Task requirements:
Please set down, unchanged, each line from the one with "T-Shirts Black /" to the final line of the data below, both included. Drop the pictures.

Image-text web data:
□ □ □ □
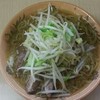 ラーメン二郎 京成大久保店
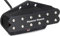Seymour Duncan ST59-1 Humbucker Single Size Little '59 Lead Tele Pickup für E-Gitarre Schwarz
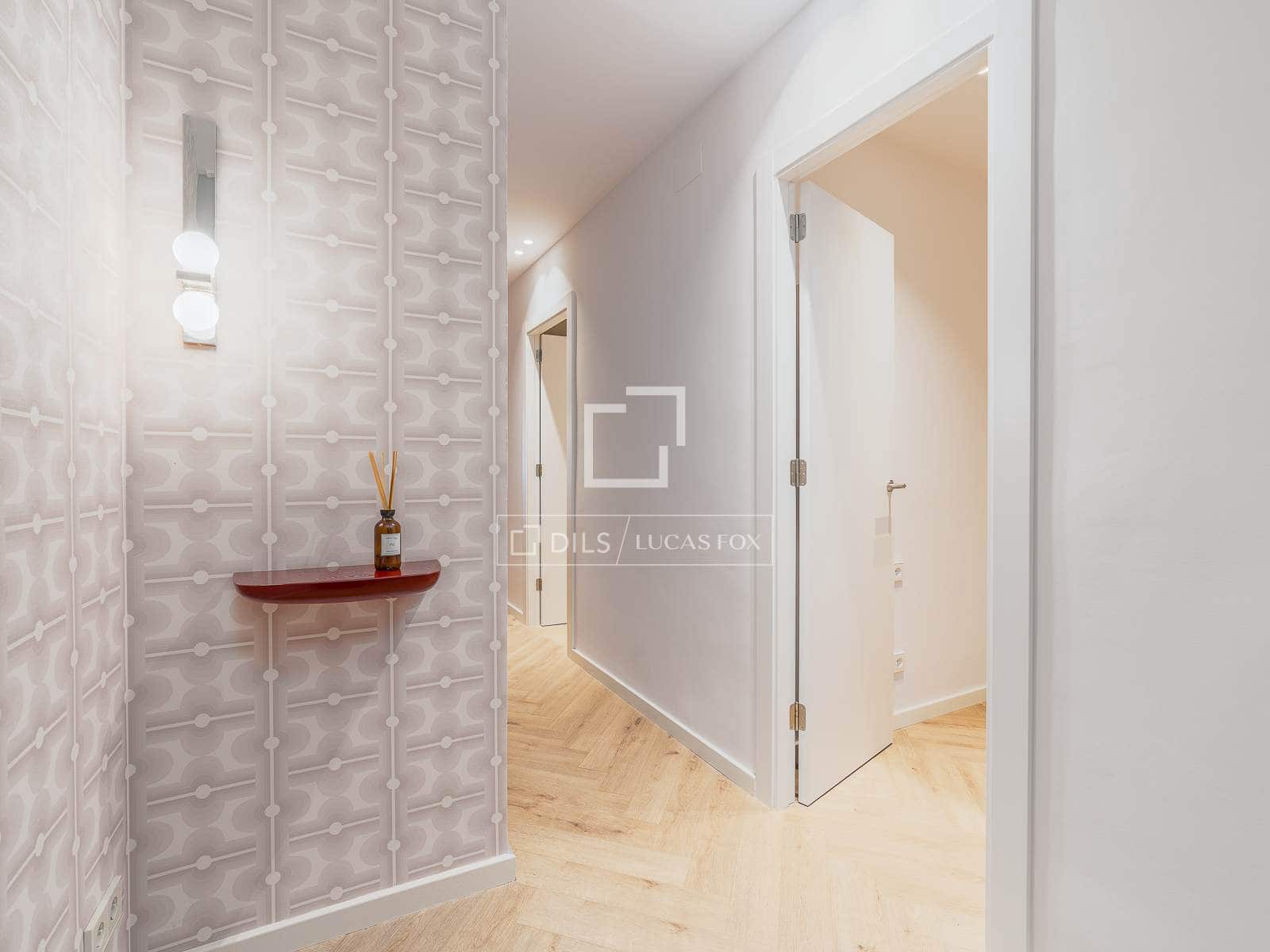 3 chambre Appartement à vendre à Barcelone ville avec garage - 775 000 € (Ref: 9610187)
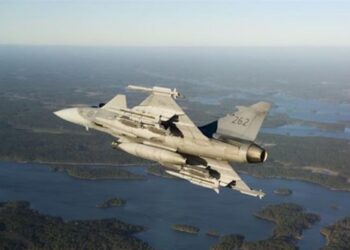 Saab’dan Gripen’a Sistem Yükseltmesi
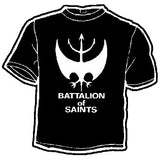 Battalion of Saints Band Tee - DeadRockers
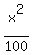 x%5E2%2F100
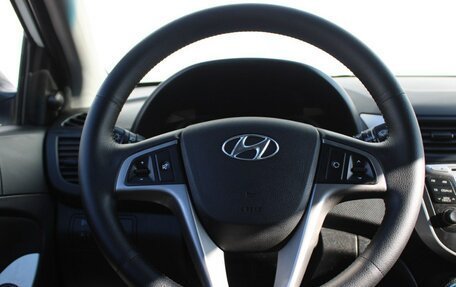 Hyundai Solaris II рестайлинг, 2015 год, 850 000 рублей, 12 фотография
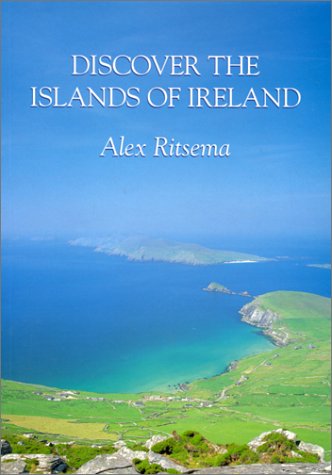 Book cover for Discover the Islands of Ireland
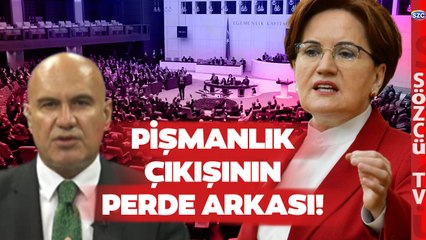 Turhan Çömez Akşener’in Pişmanlık Çıkışının Perde Arkasını Anlattı! ‘Kılıçdaroğlu Tebrik Etti’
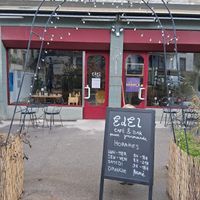 Edel Café & Bar at Café Edel in Vaud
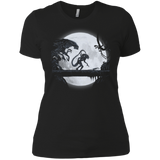 T-Shirts Black / X-Small Alien Matata Women's Premium T-Shirt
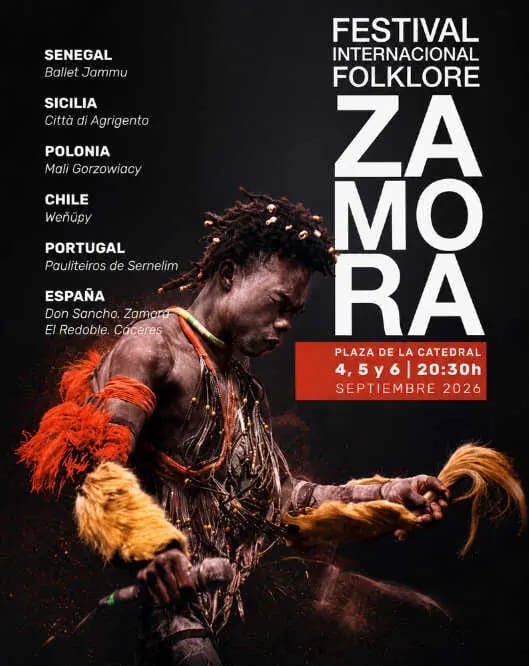 Festival Internacional de Folklore de Zamora
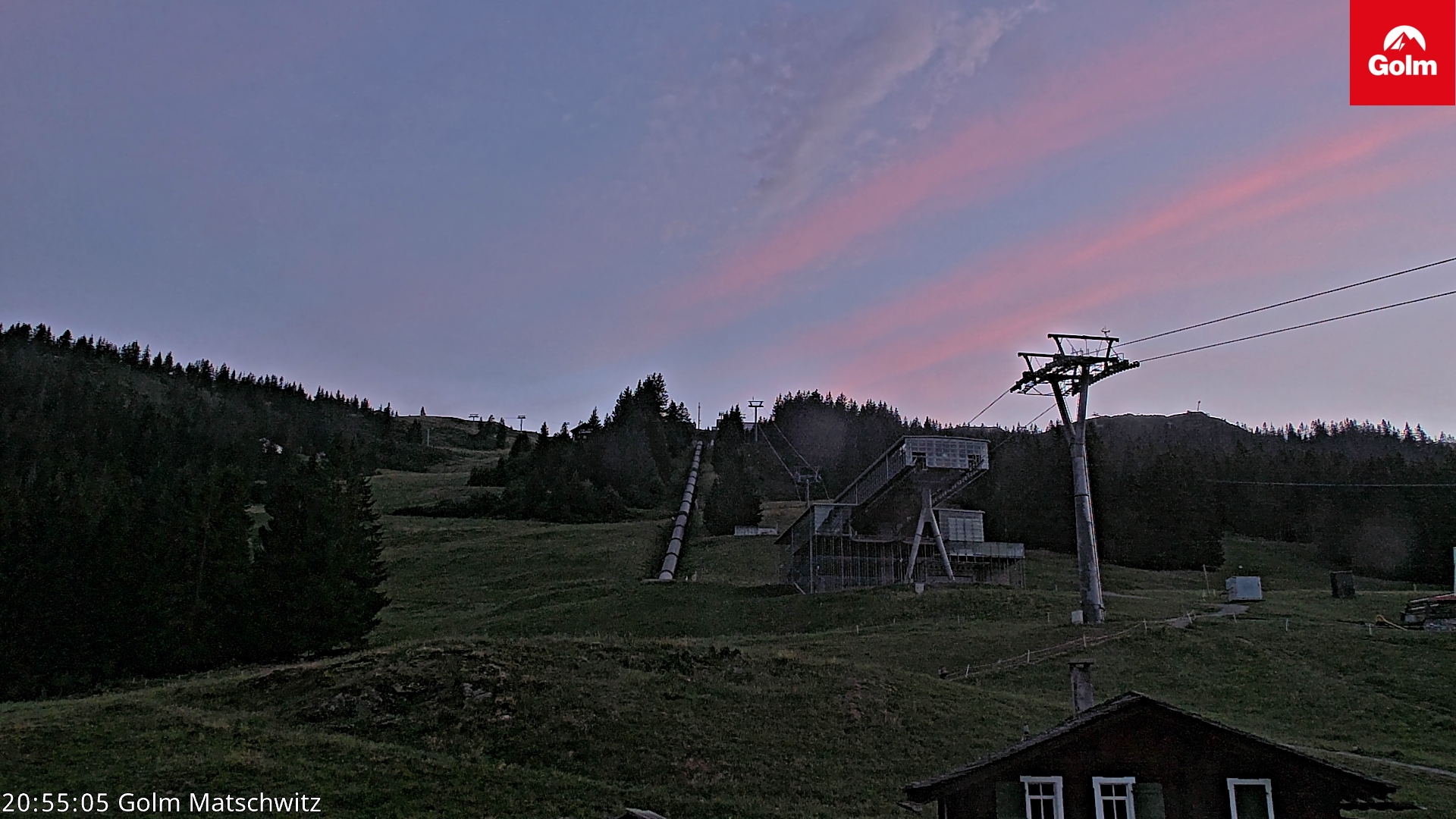 Golm | Mittelstation Matschwitz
□ □ □ □
Exercise output:
 T-Shirts Black / X-Small Alien Matata Women's Premium T-Shirt
 Festival Internacional de Folklore de Zamora
 Golm | Mittelstation Matschwitz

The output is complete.